Travel Documents 101: From What Is to What If: Unleashing the Power of Imagination to Create the Future We Want
By: Rob Hopkins
Genre: nonfiction, social change, cultural change, societal adaptation
The Dust Cover Copy
The founder of the international Transition Towns movement asks why true creative, positive thinking is in decline, asserts that it's more important now than ever, and suggests ways our communities can revive and reclaim it.
In these times of deep division and deeper despair, if there is a consensus about anything in the world, it is that the future is going to be awful. There is an epidemic of loneliness, an epidemic of anxiety, a mental health crisis of vast proportions, especially among young people. There’s a rise in extremist movements and governments. Catastrophic climate change. Biodiversity loss. Food insecurity. The fracturing of ecosystems and communities beyond, it seems, repair. The future—to say nothing of the present—looks grim.
But as Transition movement cofounder Rob Hopkins tells us, there is plenty of evidence that things can change, and cultures can change, rapidly, dramatically, and unexpectedly—for the better. He has seen it happen around the world and in his own town of Totnes, England, where the community is becoming its own housing developer, energy company, enterprise incubator, and local food network—with cascading benefits to the community that extend far beyond the projects themselves.
We do have the capability to effect dramatic change, Hopkins argues, but we’re failing because we’ve largely allowed our most critical tool to languish: human imagination. As defined by social reformer John Dewey, imagination is the ability to look at things as if they could be otherwise. The ability, that is, to ask What if?

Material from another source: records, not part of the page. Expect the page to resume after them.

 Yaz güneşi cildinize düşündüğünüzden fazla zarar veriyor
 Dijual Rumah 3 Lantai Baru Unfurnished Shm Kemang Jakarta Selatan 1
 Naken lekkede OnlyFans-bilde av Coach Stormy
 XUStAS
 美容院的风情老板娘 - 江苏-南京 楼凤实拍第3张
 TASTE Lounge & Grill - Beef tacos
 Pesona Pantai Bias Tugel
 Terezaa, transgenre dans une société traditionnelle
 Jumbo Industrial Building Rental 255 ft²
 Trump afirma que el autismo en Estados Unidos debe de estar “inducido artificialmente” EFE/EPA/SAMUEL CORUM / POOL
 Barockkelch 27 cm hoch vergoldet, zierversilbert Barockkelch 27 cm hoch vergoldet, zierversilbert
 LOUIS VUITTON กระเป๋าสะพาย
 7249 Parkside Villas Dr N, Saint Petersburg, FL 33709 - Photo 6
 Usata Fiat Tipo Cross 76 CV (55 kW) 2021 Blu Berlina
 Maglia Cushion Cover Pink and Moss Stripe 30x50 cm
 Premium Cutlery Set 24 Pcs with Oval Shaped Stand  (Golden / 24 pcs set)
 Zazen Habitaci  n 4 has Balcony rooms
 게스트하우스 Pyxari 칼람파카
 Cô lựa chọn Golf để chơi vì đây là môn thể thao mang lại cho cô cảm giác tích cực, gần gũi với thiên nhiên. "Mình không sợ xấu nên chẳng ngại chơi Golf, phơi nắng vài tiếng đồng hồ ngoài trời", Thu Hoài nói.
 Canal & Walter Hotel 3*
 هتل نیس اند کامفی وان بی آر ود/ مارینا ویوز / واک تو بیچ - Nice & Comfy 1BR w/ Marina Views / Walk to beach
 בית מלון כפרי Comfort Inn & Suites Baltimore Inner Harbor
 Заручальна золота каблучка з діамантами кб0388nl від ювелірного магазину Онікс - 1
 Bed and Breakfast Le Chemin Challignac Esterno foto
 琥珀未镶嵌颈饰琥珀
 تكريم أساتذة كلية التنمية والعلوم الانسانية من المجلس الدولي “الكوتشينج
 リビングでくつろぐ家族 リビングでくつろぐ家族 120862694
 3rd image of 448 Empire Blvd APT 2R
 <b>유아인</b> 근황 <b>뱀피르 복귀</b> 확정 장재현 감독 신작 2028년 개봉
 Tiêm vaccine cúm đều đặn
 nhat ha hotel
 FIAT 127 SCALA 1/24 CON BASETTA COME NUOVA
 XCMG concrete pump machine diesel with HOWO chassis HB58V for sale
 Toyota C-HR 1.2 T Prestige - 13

And if there was ever a time when we needed that ability, it is now.
Imagination is central to empathy, to creating better lives, to envisioning and then enacting a positive future. Yet imagination is also demonstrably in decline at precisely the moment when we need it most. In this passionate exploration, Hopkins asks why imagination is in decline, and what we must do to revive and reclaim it. Once we do, there is no end to what we might accomplish.
From What Is to What If is a call to action to reclaim and unleash our collective imagination, told through the stories of individuals and communities around the world who are doing it now, as we speak, and witnessing often rapid and dramatic change for the better.
The Scene
Discussion
Most nonfiction books on social issues begin—in fact, some go on for about half the book—on the theme of what’s so bad about the problem being addressed. Most authors want you good and scared before they start talking about the good stuff.
This book doesn’t do that. It opens, in fact, with a short story set in The World That Turned Out Okay.
And then it backs it up with real world examples. Transition Town Totnes. Transition Streets. All sorts of projects, from all around the world. And throughout the books, it asks the same question again and again: why is it so hard to imagine a better future? How can we work on that? And then it answers it.
The Lingo
Writing Style
While it can be a little breathless at times, this book is rousing, uplifting, and clear-eyed in the face of the world as we know it. It circumvents nihilism, nurtures the weary, opens the door for people in the dark. It looks us dead in the eye and says ‘stop listening to the people who told you that imagination is childish. Imagination is your greatest strength.'
One quote particularly stuck with me when I’d closed the back cover.
“It is very easy to think of the dystopian ideas. It’s almost lazy. Thinking of the good future is actually really hard because you have to vision something that is qualitatively different.”
I’ve seen that in daily life. And this book helps me fight it. That’s high praise in my book.
The Moves
Plot
Laying out each chapter as a ‘what if?’ question, the book is a toolbox of research, ideas, and techniques at both the personal and community level. Narrated first-person by the author, reading it is like chatting with a very clever, very committed friend.
Overall Rating
An uplifting book of the possible. Grab it.